COD: 9fc3d7152ba9 Categoria: Tag:

Collana:
Numero collana:
46
Pagine:
324
Codice ISBN:
9788881121038
Prezzo cartaceo:
€ 15,00
Data pubblicazione:
01-12-1999

Traduzione di Martina Rinaldi

Il labirinto oscuro, uno dei capolavori del grande scrittore inglese, è un romanzo che fonde avventura e introspezione nella cornice storica del secondo dopoguerra. Una crociera nel Mediterraneo ha come tappa l’isola di Creta, dove è recente la scoperta di un labirinto sotterraneo.

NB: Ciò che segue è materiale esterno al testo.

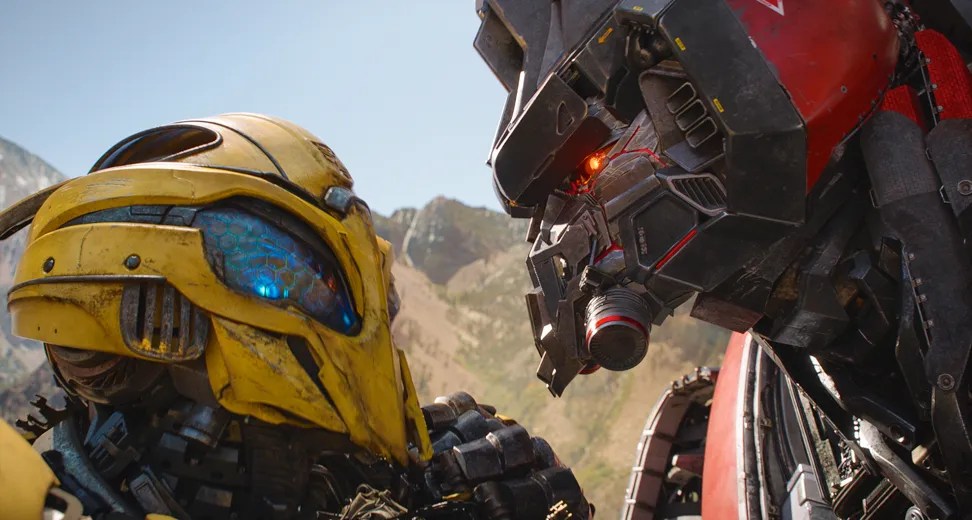 Bumblebee Clip Sees the Autobot Battling Blitzwing the Decepticon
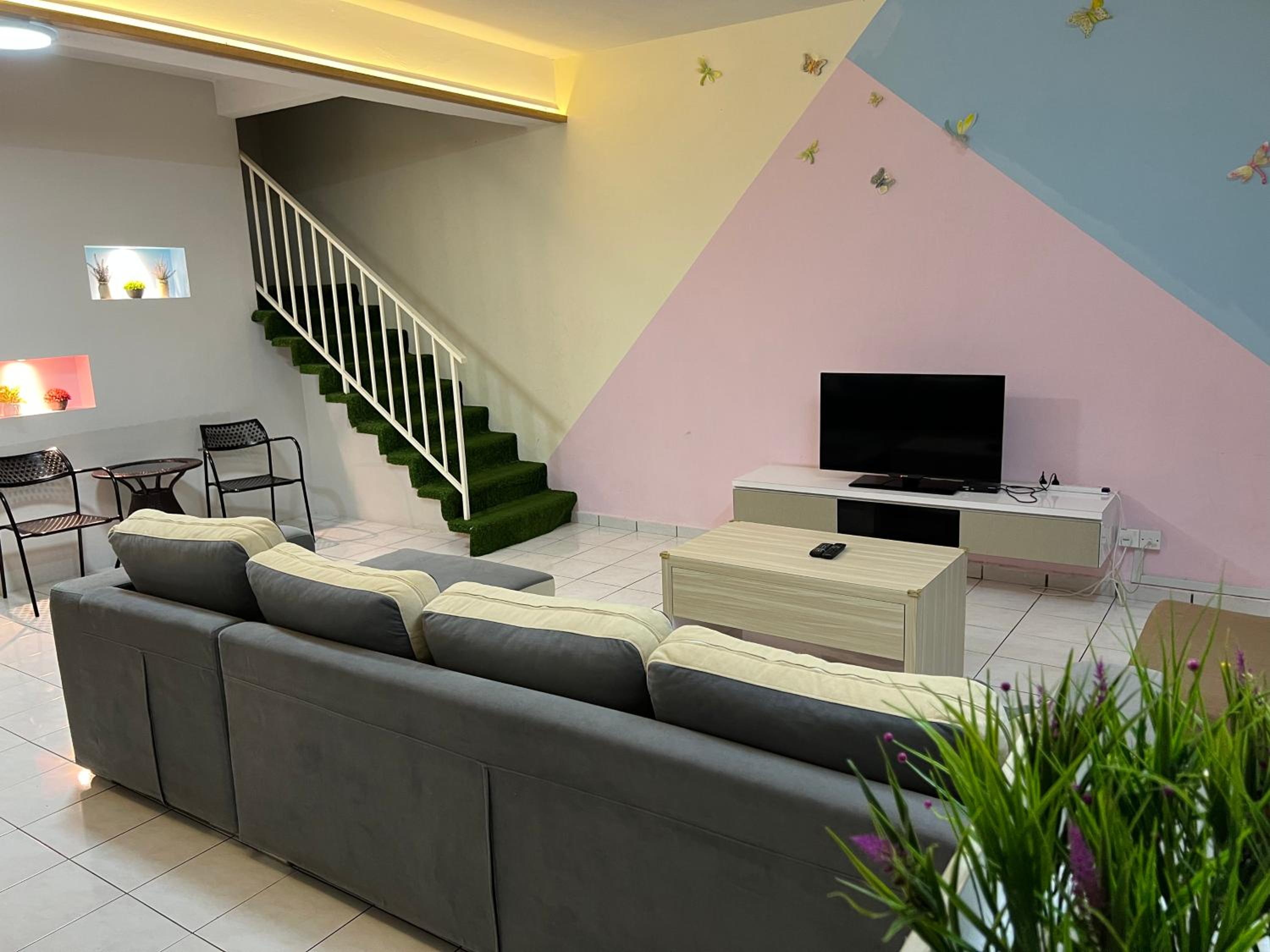 Seri Manjung HomeStay @Spacious Family Home photo 3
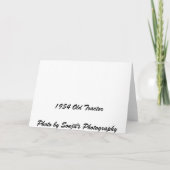 Vieux tracteur dans la carte de vacances neige (Dos)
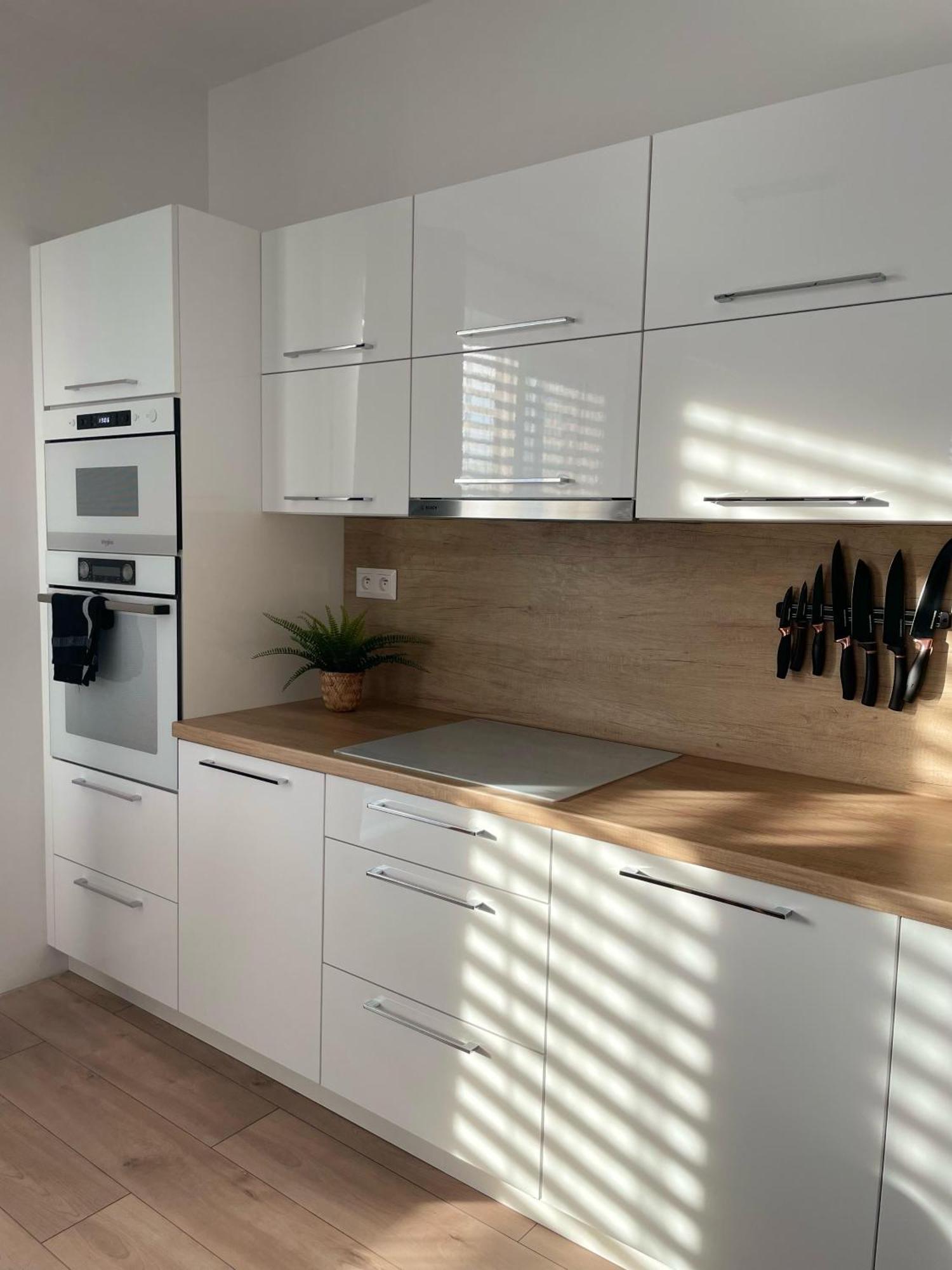 Klimatizovany Apartmanovy Dom, S Virivkou, 1B Сенець Екстер'єр фото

Invano gli isolani tentano di dissuadere i turisti dall’escursione; e c’è anche chi sostiene che il Minotauro sia ancora in vita… È l’inizio di una vicenda appassionante e drammatica, dove l’azione ha come teatro l’animo stesso dei personaggi, e il loro procedere significa addentrarsi nei meandri della conoscenza verso la verità ultima della loro vita. «Assillato da questi pensieri, udì all’estremità di quel passaggio un lieve rumore… Poi gli arrivò un soffio di aria tiepida, come se un grosso corpo si fosse spostato dalla profondità della galleria per andargli incontro. Urlò e sentì addosso l’impuro alito fetido della Cosa. Si muoveva lentamente, proprio verso di lui, così lentamente che la sua angoscia divenne insopportabile».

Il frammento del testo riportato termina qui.